Exercise prompt
Exact copy, no pictures: output each line below as it stands.

[Extracted data entries]
· · · ·
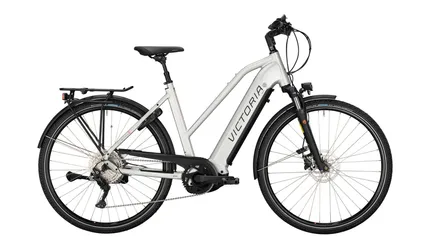 Victoria E-trekking 12.8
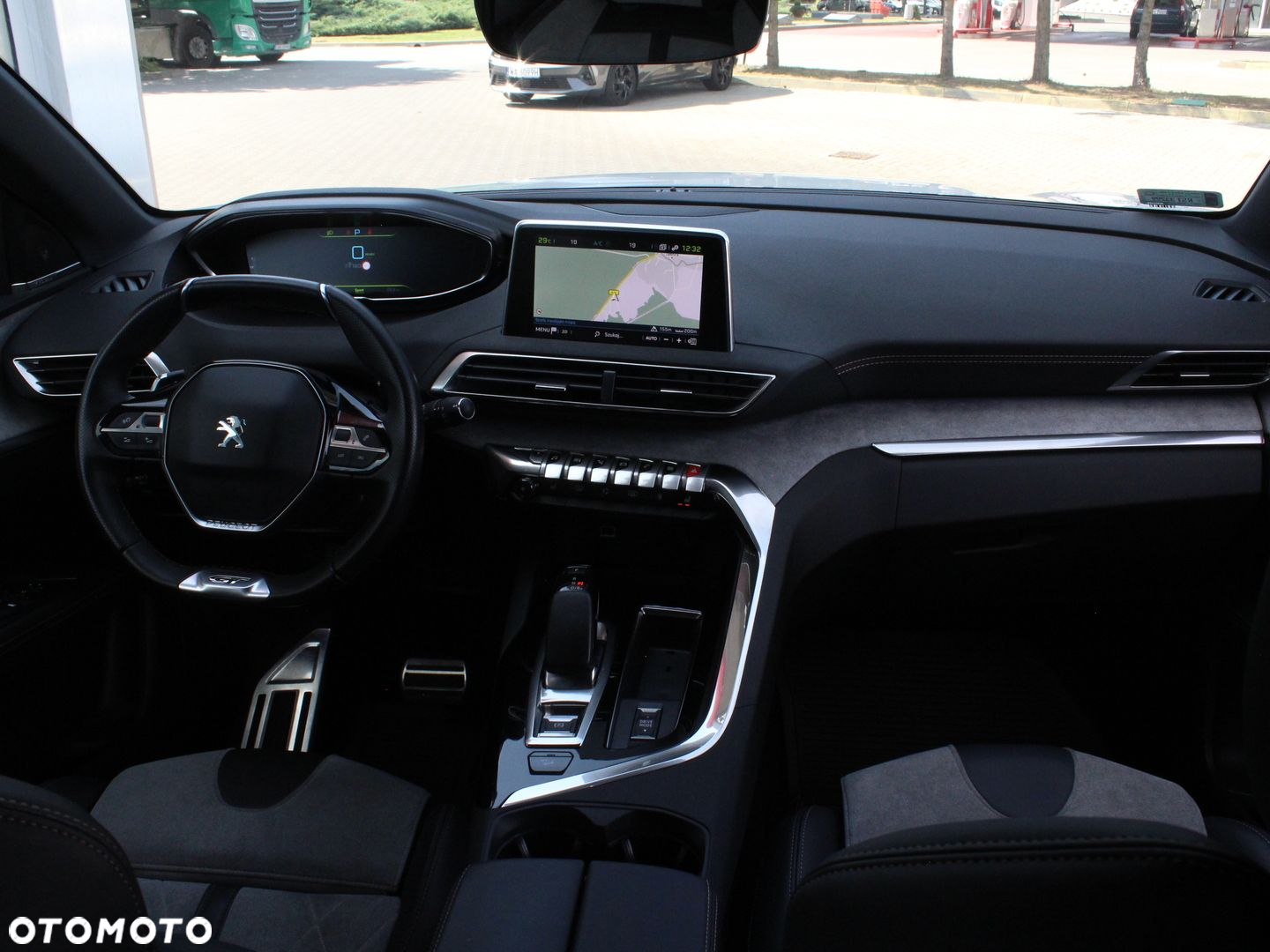 Peugeot 3008 - 13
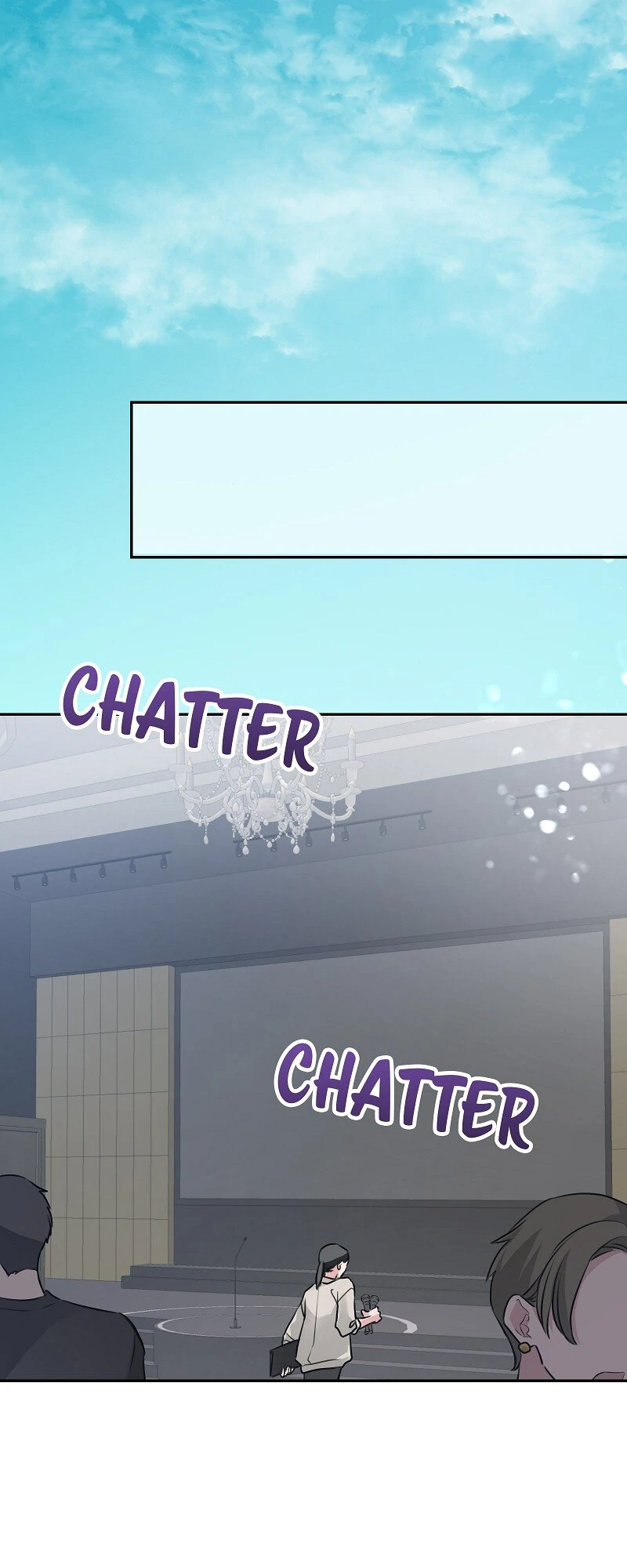 I’m NOT Afraid of Wolves! [Official] Chapter 25 - Page 37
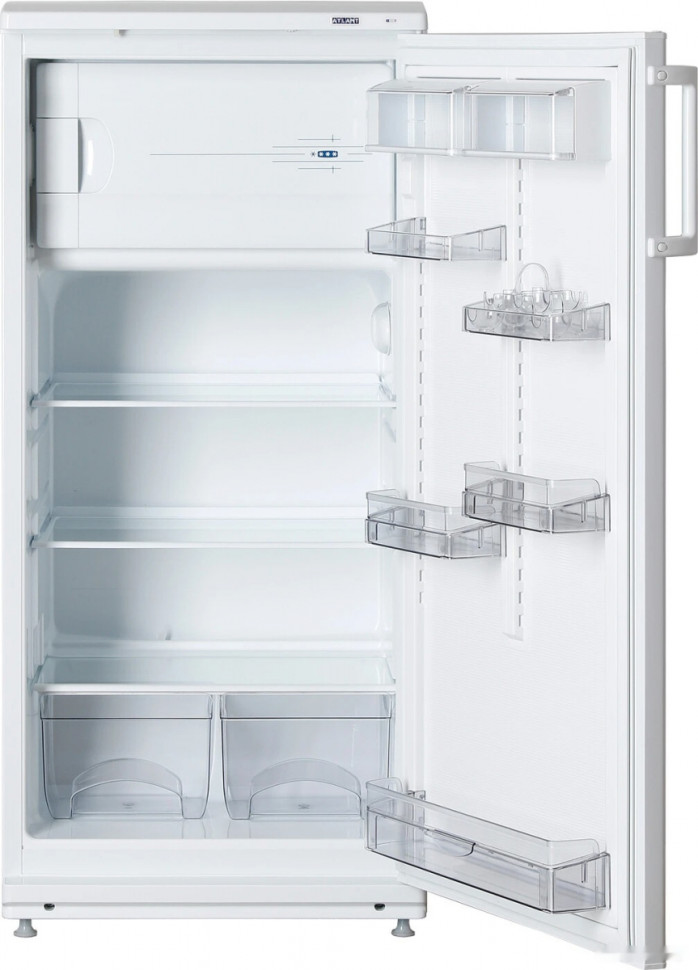 Однокамерный холодильник ATLANT МХ 2822-56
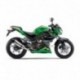 8740E - EXHAUST SLIP-ON LEOVINCE LV ONE EVO STAINLESS STEEL APPROVED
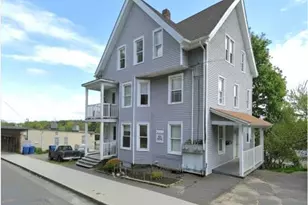 241 Congress Ave, Waterbury, CT 06708 - Photo 1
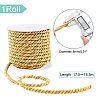 Polyester Cords NWIR-WH0013-01B-01-2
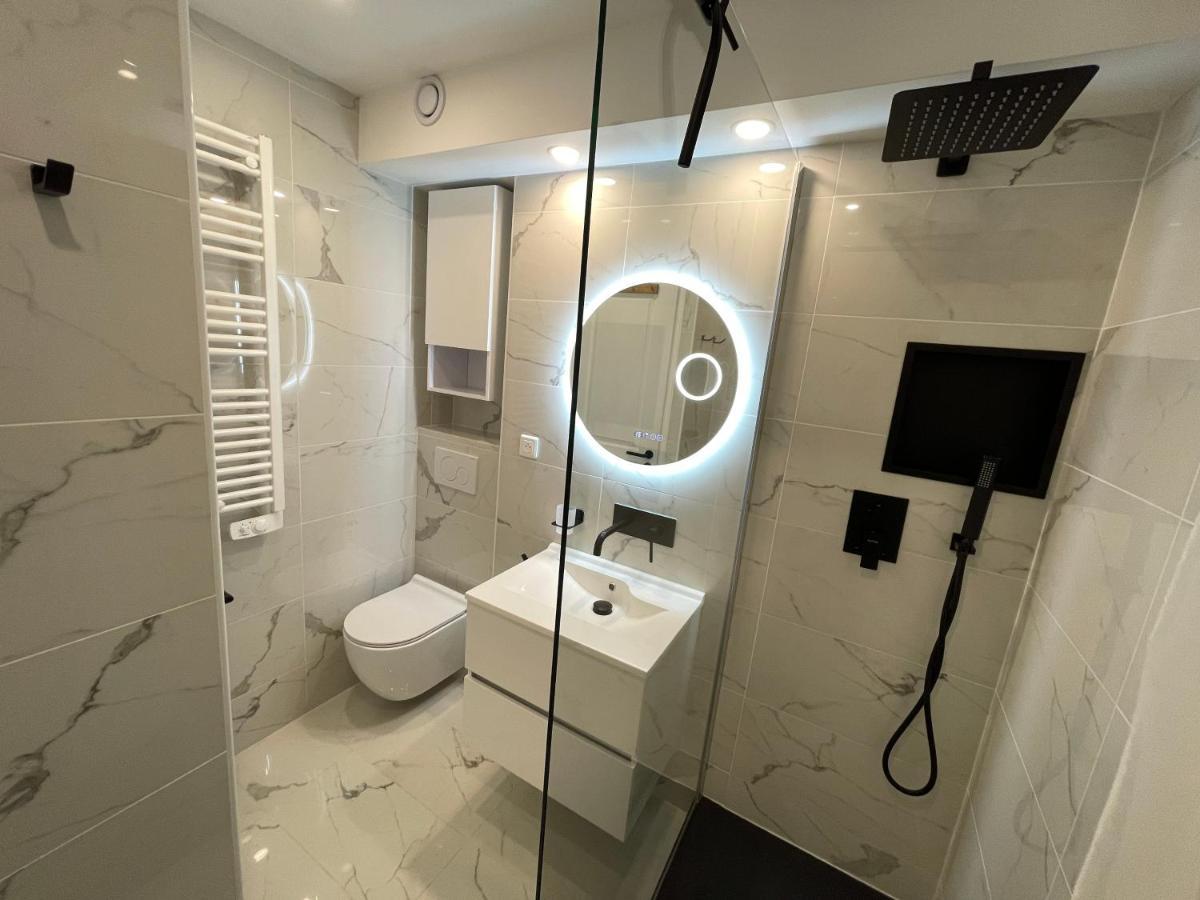 Cosy Appartement Au Calme A Deux Pas Du Centre Auron Εξωτερικό φωτογραφία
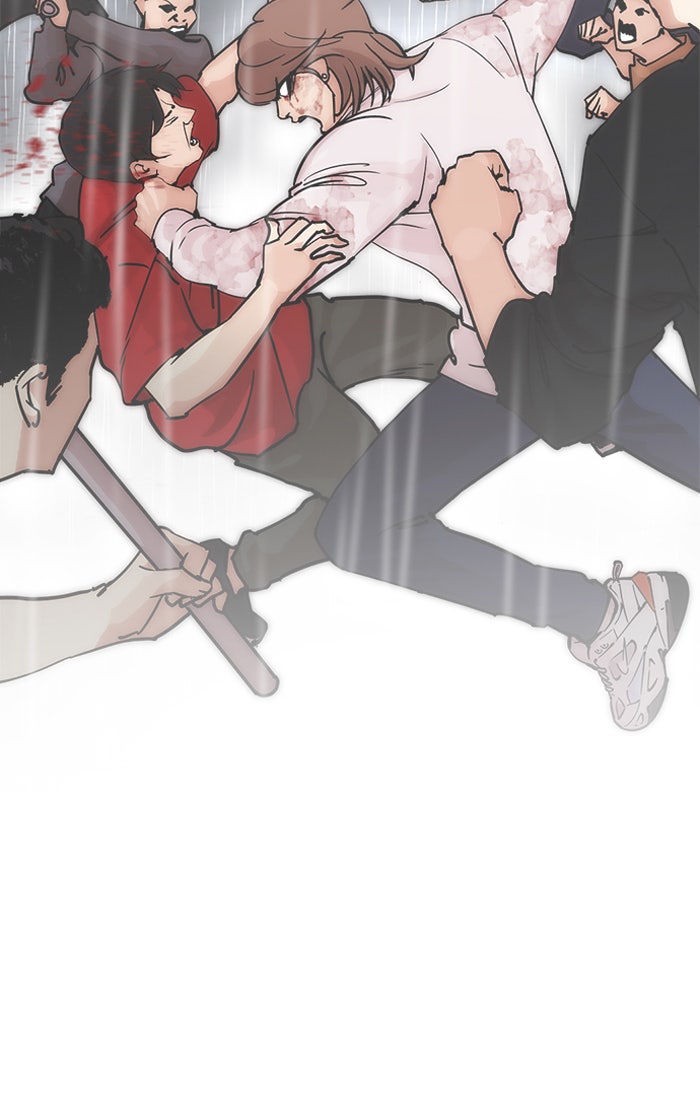 LOOKISM - หน้า 51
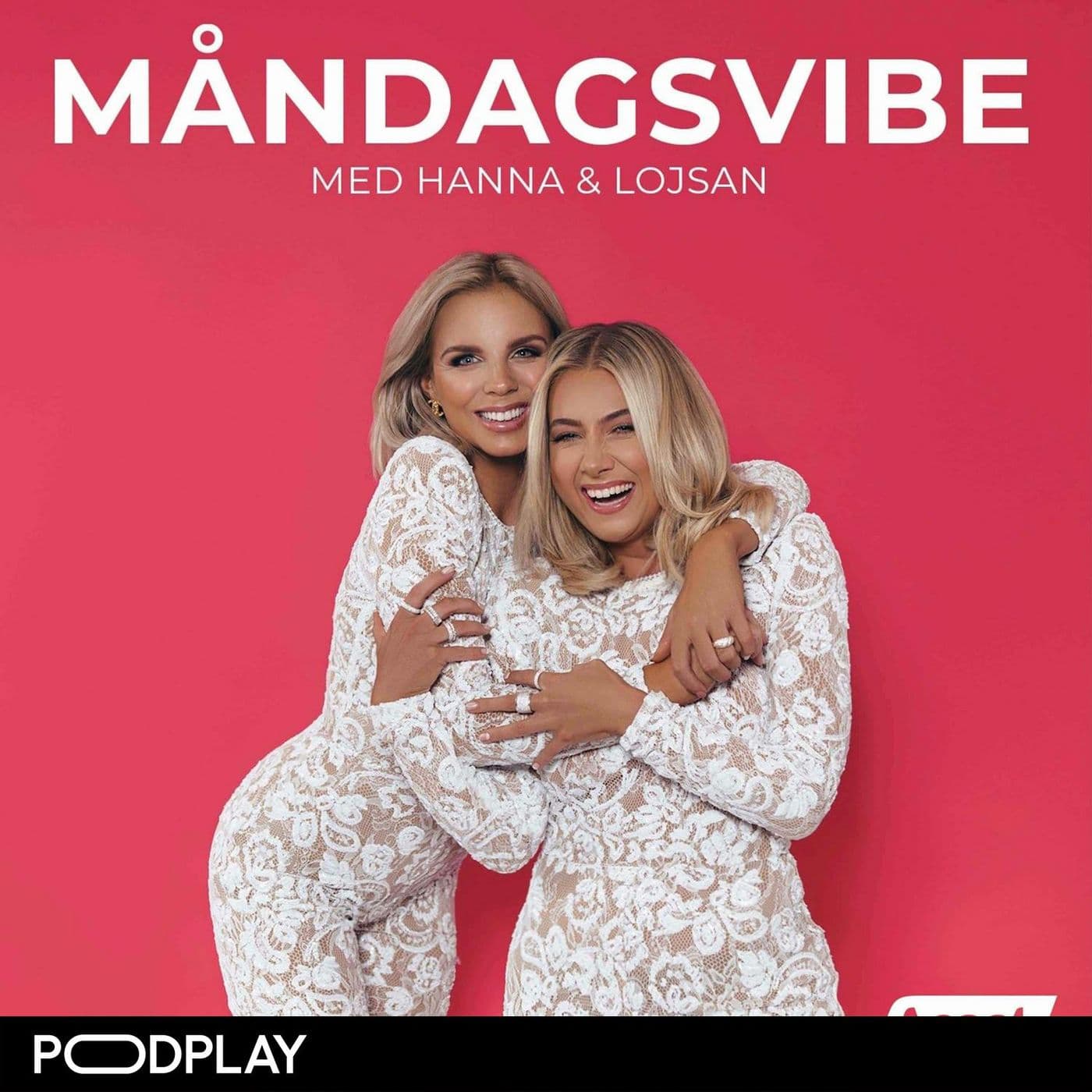 "OMG är allt jag har att säga!" artwork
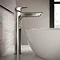 Ideal Standard Tesi Single Lever Tall Basin Mixer - A6575AA  Feature Large Image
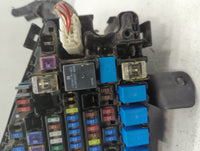2015 Subaru Legacy Fusebox Fuse Box Panel Relay Module P/N:MB504300B Fits OEM Used Auto Parts - Oemusedautoparts1.com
· · · ·
Task response
 Victoria E-trekking 12.8
 Peugeot 3008 - 13
 I’m NOT Afraid of Wolves! [Official] Chapter 25 - Page 37
 Однокамерный холодильник ATLANT МХ 2822-56
 8740E - EXHAUST SLIP-ON LEOVINCE LV ONE EVO STAINLESS STEEL APPROVED
 241 Congress Ave, Waterbury, CT 06708 - Photo 1
 Polyester Cords NWIR-WH0013-01B-01-2
 Cosy Appartement Au Calme A Deux Pas Du Centre Auron Εξωτερικό φωτογραφία
 LOOKISM - หน้า 51
 "OMG är allt jag har att säga!" artwork
 Ideal Standard Tesi Single Lever Tall Basin Mixer - A6575AA  Feature Large Image
2015 Subaru Legacy Fusebox Fuse Box Panel Relay Module P/N:MB504300B Fits OEM Used Auto Parts - Oemusedautoparts1.com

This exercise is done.